BEGIN
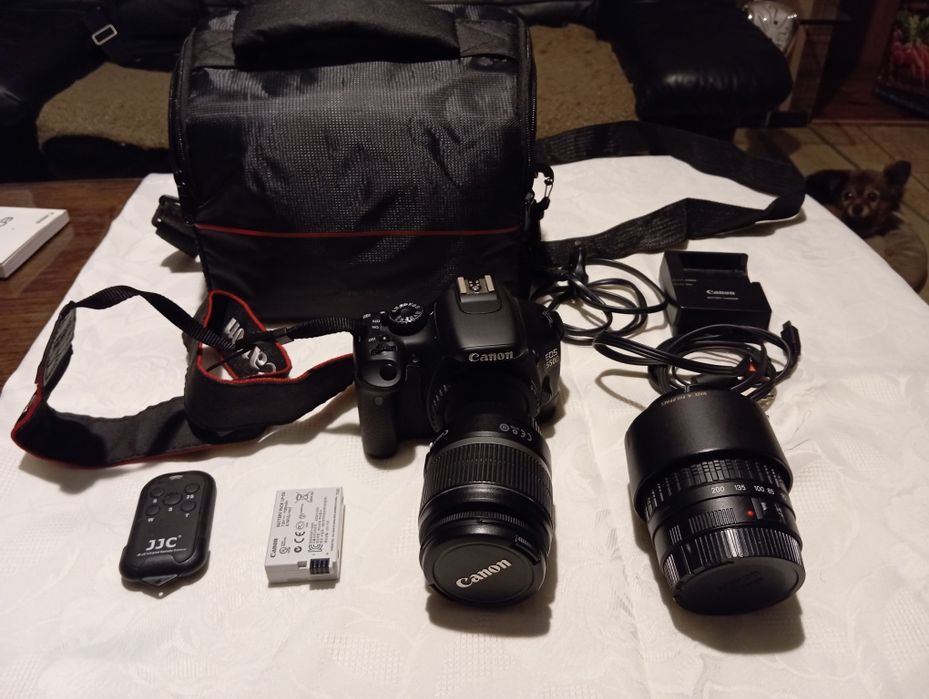 Canon eos 550 D + dwa obiektywy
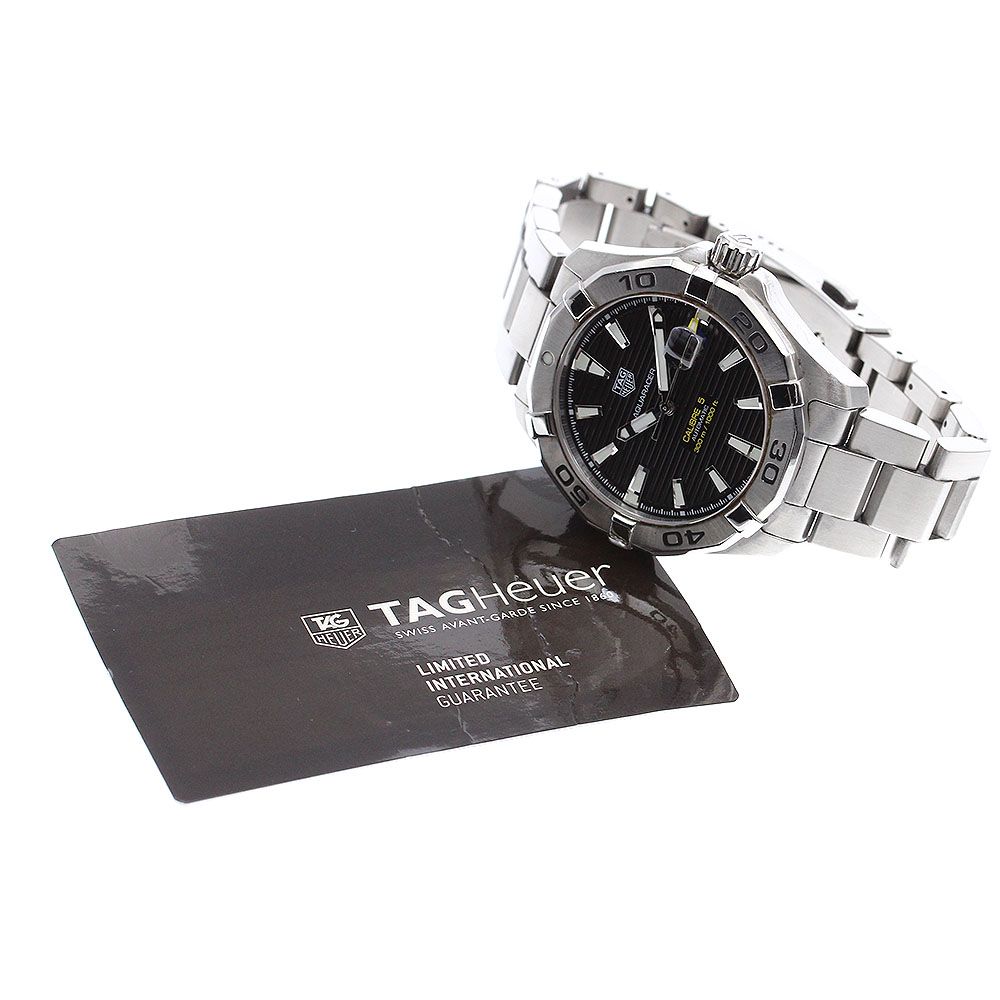TAG Heuerアクアレーサーキャリバー5 way2010 TAG Heuer Aquaracer - Steel - 43 mm | TAG Heuer US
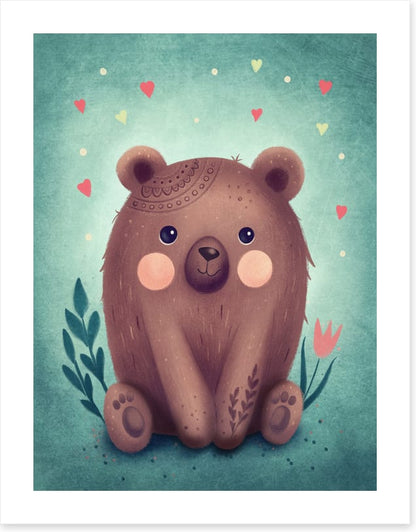 Blushing bear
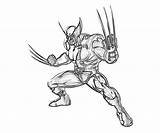 Wolverine Marvel Capcom Vs Coloring Pages sketch template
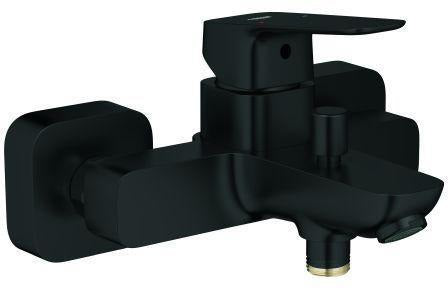 GROHE Cubeo Einhand-Wannenbatterie Wandmontage Chrom – SilkMove & Rückflussverhinderer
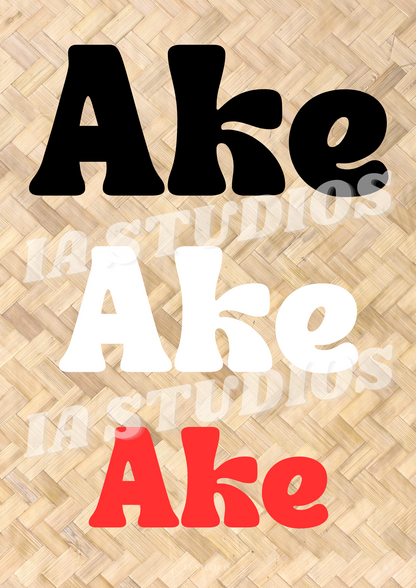 AKE AKE AKE PRINT IA STUDIOS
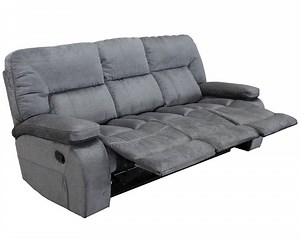 Chapman 88" Triple Reclining Sofa in Polo Fabric (In stock - Fast shipping) | Sofas and Sectionals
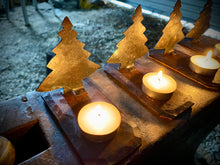 Load image into Gallery viewer, Christmas Tree Tea Light Sculpture
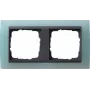 Gira Event Opak Tapa para interruptor basculante individual, antracita con lente azul 021285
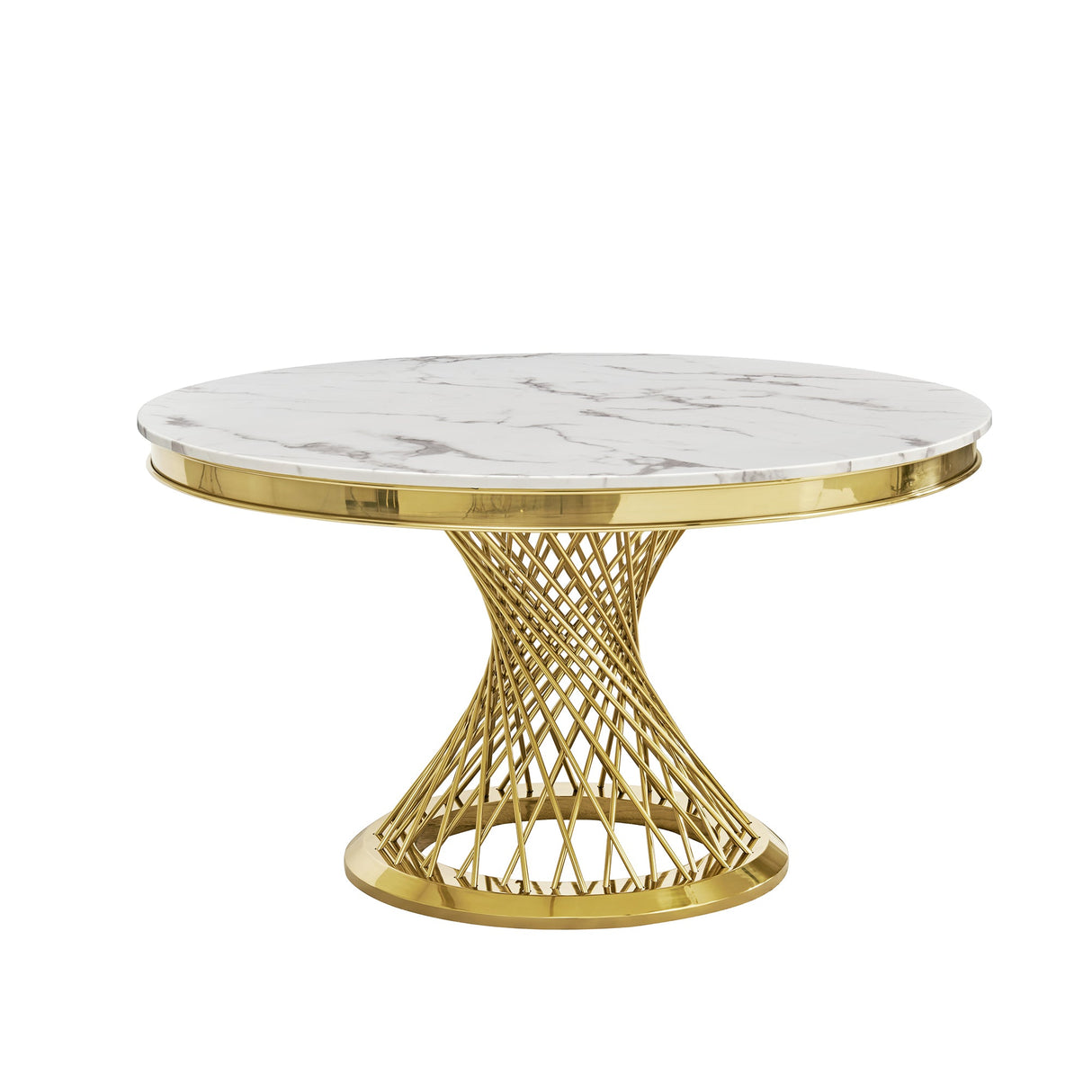 Durable Dining Table with Marble Top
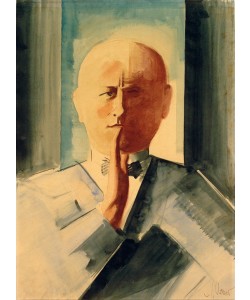 Oskar Schlemmer, Selbstbildnis mit erhobener Hand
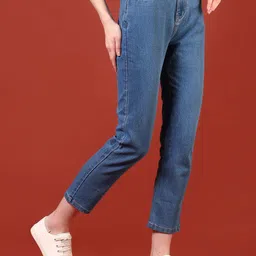V-Mart Women Straight Fit Light Fade Jeans image 4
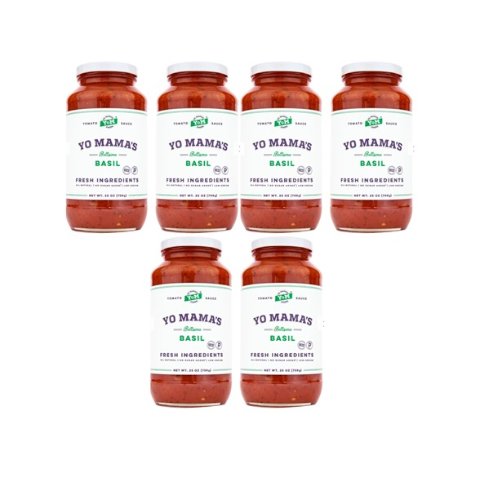 ModubaYo Mama s 토마토 바질 소스 6팩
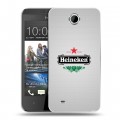 Дизайнерский пластиковый чехол для HTC Desire 300 Heineken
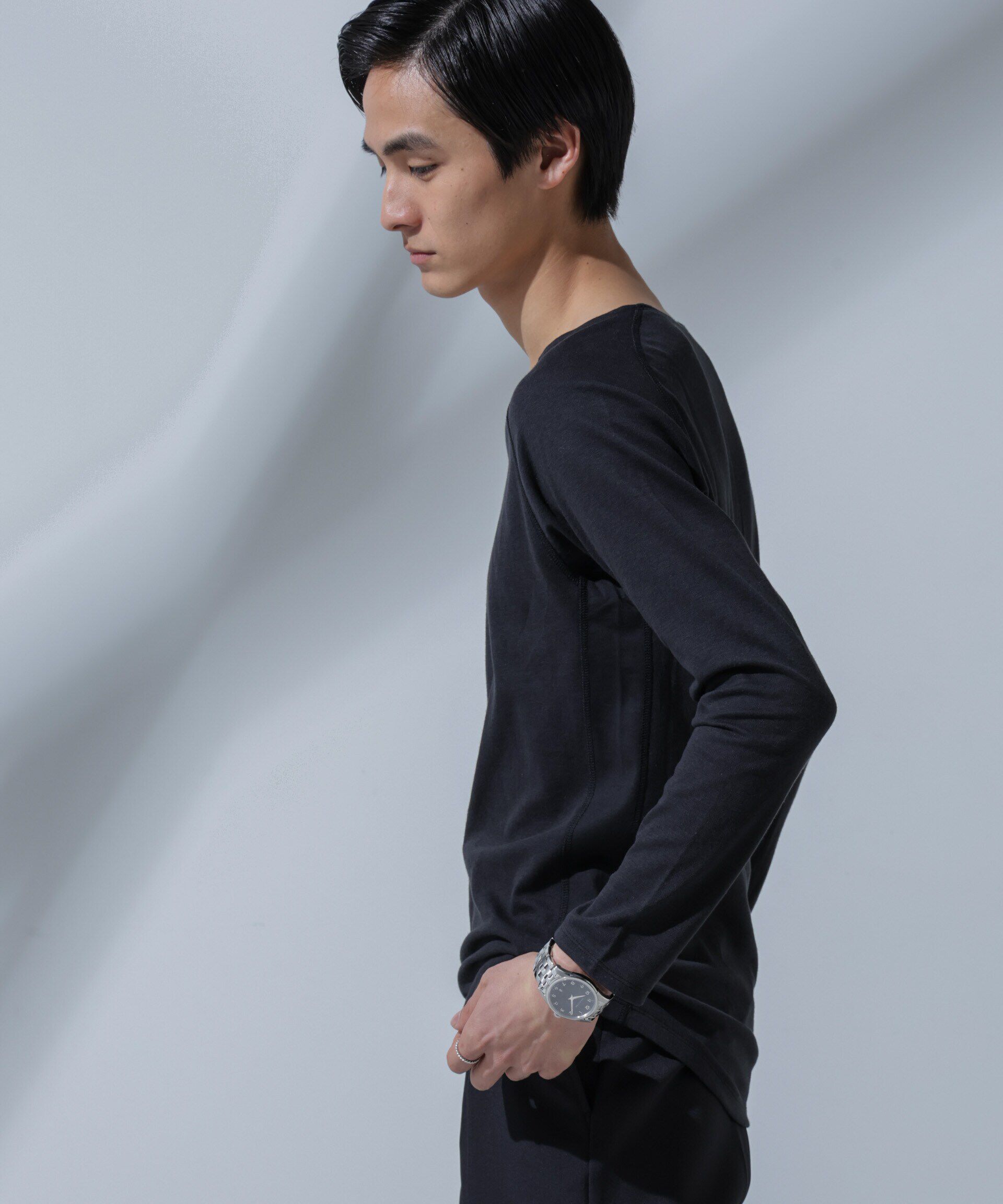 NANO universe「Anti Soaked(R)Plus インナーTシャツ 長袖」|Tシャツ・カットソー|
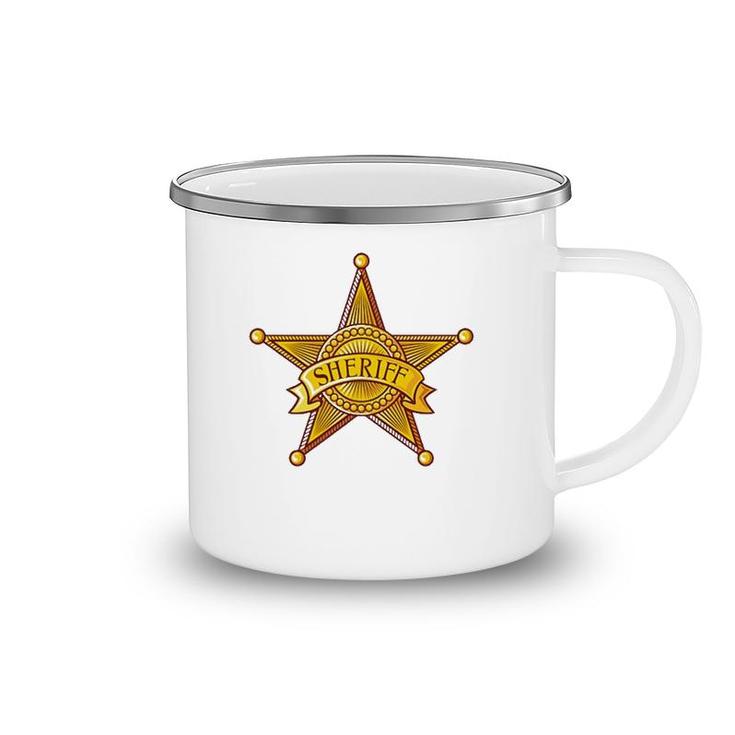 Sheriff Badge Uniforms Costume Gift Camping Mug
END
__Work item__
All lines from the one holding "Load image into" through the last line of the records need to be copied exactly, both ends included, and the pictures left behind.

__Response box__
 Load image into Gallery viewer, Christmas Tree Tea Light Sculpture
 Gira Event Opak Tapa para interruptor basculante individual, antracita con lente azul 021285
 Durable Dining Table with Marble Top
 Oskar Schlemmer, Selbstbildnis mit erhobener Hand
V-Mart Women Straight Fit Light Fade Jeans image 4
 ModubaYo Mama s 토마토 바질 소스 6팩
 Дизайнерский пластиковый чехол для HTC Desire 300 Heineken
 NANO universe「Anti Soaked(R)Plus インナーTシャツ 長袖」|Tシャツ・カットソー|
 Sheriff Badge Uniforms Costume Gift Camping Mug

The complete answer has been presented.